Unfortunately, the picture is also misleading, he added. The problem is that private sector investment goes mainly to countries with the best growth prospects and most attractive policy and institutional environments, including China, India and Indonesia, he said.
“But if you look at the least developed countries, you see a completely different picture,” Fine said. “Official development assistance continues to make up half or more of the financing available for these countries.”
Private sector no cure-all for developing world
Fine discussed the myths surrounding private sector development financing on Friday, Feb. 6, during the latest talk in the Rethinking Development Policy series. The series is sponsored by the Duke Center for International Development (DCID) at the Sanford School of Public Policy.
Part of the problem is that countries need to meet certain criteria before private companies are willing to invest in them. In addition, since private sector financing goes primarily toward infrastructure, it does not address developing countries’ most pressing needs, such as health and education.
“The private sector invests in communities not for corporate social responsibility, but because it advances their business interests,” Fine said.

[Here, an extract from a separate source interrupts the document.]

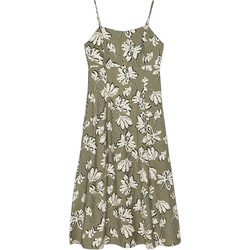 Vero Moda Midi Καλοκαιρινό Καθημερινό Φόρεμα Floral Μεταξωτό Χακί 10341972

While this is a valid model that can lead to positive change, “it’s not going to address the institutions that underlie rule of law, healthy, nourished populations, and education, which are the keys to productivity,” he said. “Until you have those institutional foundations, you don’t have the environment for the private sector to come in and be that engine of growth.”
Less poverty – or more inequality?
The role of private sector financing in international development also leads to a deceptively rosy picture about poverty alleviation worldwide.
“[The figures] are skewed by the fact that some of these growth economies are the most populous countries in the world,” Fine said, citing China, India and South Africa as examples. “This disguises what’s happening in non-growth economies and gives us a false sense of optimism and of progress.”
The developed world has also set high global standards for health care, education and public administration, Fine said, forcing all countries to compete in the same global marketplace. It is “intellectually dishonest” to expect least developed countries to meet these modern standards with meager resources, he said.
“The international community really needs to come to grips with the true cost of financing modern institutions,” he said.
Fine added that he hopes the upcoming conference in Addis Ababa, Ethiopia, which is the third in a series of international conferences on the topic of development financing, will recognize the limitations of private financial flows and the continued need for other sources of financing.
“In my experience, this issue is left out and not really dealt with … because there are no simple solutions,” he said.